# GESTIÓN DEL AGUA > Ahorrar Agua >  Banyeres estudia ceder el agua del Ebre por la que paga pero no usa

## sergi1907

Cada vez son más los municipios que ofrecen su excedente ya que la paralización de crecimientos hace que las reservas que solicitaron sean excesivas.

Banyeres del Penedès (CiU-PP) estudia ceder a otro municipio  parte del agua del Ebre que tiene reservada pero que no usa y por la que paga un canon. El objetivo es  aligerar el costes de mantener la resrva. Banyeres tiene una reserva del Ebre de 850 m3 al día cuando el pasado año sus necesidades fueron 213 m3 al día. El anterior gobierno (PSC) solicitó una reserva de caudal tan elevado  ya que se esperaba la llegada de empresas y desarrollo inmobiliario. 

Pero el Plan General  y la inversión está paralizada,  por lo que el agua del que podría disponer la localidad es excesiva para sus nececesidades y supone un gran coste. Hasta 2010, cuando no estaba las canalización para recibir el agua del Ebre, era de 3.000 euros al mes por derechos de reserva, pero ahora supera los 10.000 euros por ser una dotación efectiva. La cantidad se paga aunque no se gaste el disponible.

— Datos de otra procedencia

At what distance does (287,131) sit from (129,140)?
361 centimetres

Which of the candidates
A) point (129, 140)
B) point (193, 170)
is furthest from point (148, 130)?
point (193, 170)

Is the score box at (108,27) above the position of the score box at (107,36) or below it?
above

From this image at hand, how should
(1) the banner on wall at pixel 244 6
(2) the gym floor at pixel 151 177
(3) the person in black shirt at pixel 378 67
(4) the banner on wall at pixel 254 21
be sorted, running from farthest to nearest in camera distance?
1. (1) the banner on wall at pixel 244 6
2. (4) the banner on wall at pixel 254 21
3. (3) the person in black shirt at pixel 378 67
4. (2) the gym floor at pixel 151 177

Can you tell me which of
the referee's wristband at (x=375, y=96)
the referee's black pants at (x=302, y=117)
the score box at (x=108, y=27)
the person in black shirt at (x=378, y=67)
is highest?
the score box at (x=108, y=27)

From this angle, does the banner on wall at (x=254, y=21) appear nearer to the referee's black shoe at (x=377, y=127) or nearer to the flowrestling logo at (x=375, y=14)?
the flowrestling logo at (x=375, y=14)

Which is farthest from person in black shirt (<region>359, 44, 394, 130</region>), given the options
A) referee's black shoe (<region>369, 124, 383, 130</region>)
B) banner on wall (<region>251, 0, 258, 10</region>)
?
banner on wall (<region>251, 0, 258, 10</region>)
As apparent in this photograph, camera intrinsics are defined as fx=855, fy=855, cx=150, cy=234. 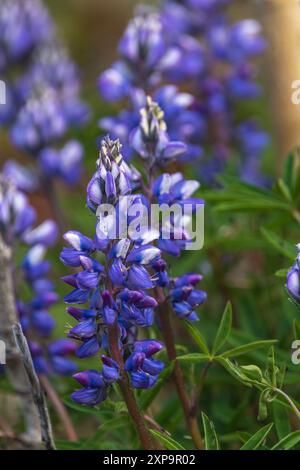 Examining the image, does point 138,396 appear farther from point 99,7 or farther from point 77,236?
point 99,7

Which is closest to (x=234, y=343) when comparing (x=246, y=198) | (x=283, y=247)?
(x=283, y=247)

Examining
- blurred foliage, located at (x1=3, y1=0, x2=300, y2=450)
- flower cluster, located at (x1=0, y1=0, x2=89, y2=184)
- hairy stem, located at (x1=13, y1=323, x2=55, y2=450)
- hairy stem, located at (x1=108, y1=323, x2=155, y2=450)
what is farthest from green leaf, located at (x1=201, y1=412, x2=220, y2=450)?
flower cluster, located at (x1=0, y1=0, x2=89, y2=184)

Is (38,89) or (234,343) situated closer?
(234,343)

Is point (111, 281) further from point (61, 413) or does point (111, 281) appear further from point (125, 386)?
point (61, 413)

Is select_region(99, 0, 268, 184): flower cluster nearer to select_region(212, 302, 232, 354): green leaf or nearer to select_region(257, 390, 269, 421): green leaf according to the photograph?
select_region(212, 302, 232, 354): green leaf

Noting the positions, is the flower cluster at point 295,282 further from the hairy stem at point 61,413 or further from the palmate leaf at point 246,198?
the hairy stem at point 61,413

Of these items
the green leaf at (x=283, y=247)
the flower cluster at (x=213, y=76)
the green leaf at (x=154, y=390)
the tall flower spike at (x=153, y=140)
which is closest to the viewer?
the green leaf at (x=154, y=390)

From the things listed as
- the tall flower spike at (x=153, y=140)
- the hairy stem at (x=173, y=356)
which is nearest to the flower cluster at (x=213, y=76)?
the tall flower spike at (x=153, y=140) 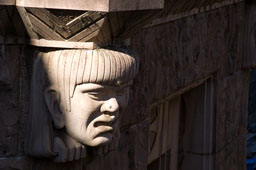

En el caso de que Banyeres ceda una parte de derechos del agua, una posibilidad que debe aprobarse en el CAT, es el municipio que la  reciba quien paga esa  cantidad proporcional que recibe y que se ahorra quien la cede. La cesión no implica la pérdida de los derechos, que en cualquier momento se pueden recuperarsi crecen las necesidades.

Pozos

Banyeres se suministra con el Ebre y con pozos propios. Sin embargo, expertos de Aqualia, empresa de gestión de aguas, han explicado que es más barata el agua del Ebre (unos 0,10 euros m3) que extraer y acondicionar la de pozos (0,40 euros m3).

El consejo es que la localidad no toque los pozos y que utilice la del Ebre para sus necesidades y ceda la sobrante.  Sin embargo si hace unos años el CAT no podía aumentar el caudal de municipios que pedían ampliar el que tenían, ahora son diversas las localidades dispuestas a ceder su excedente a cambio de un ahorro.

La alcaldesa de Banyeres, Nuria Figueras, señala que el gobierno estudia alternativas que permitan reducir costes.  Para 2012 el recibo de los vecinos subirá un 11,4% en el tramo mínimo de 18 m3 al trimestre.

http://www.diaridetarragona.com/camp...agua/ebre/paga

----------


## Luján

> Cada vez son más los municipios que ofrecen su excedente ya que la paralización de crecimientos hace que las reservas que solicitaron sean excesivas.
> [...]
> 
> http://www.diaridetarragona.com/camp...agua/ebre/paga


Me parece lógico, correcto y muy buena idea.

----------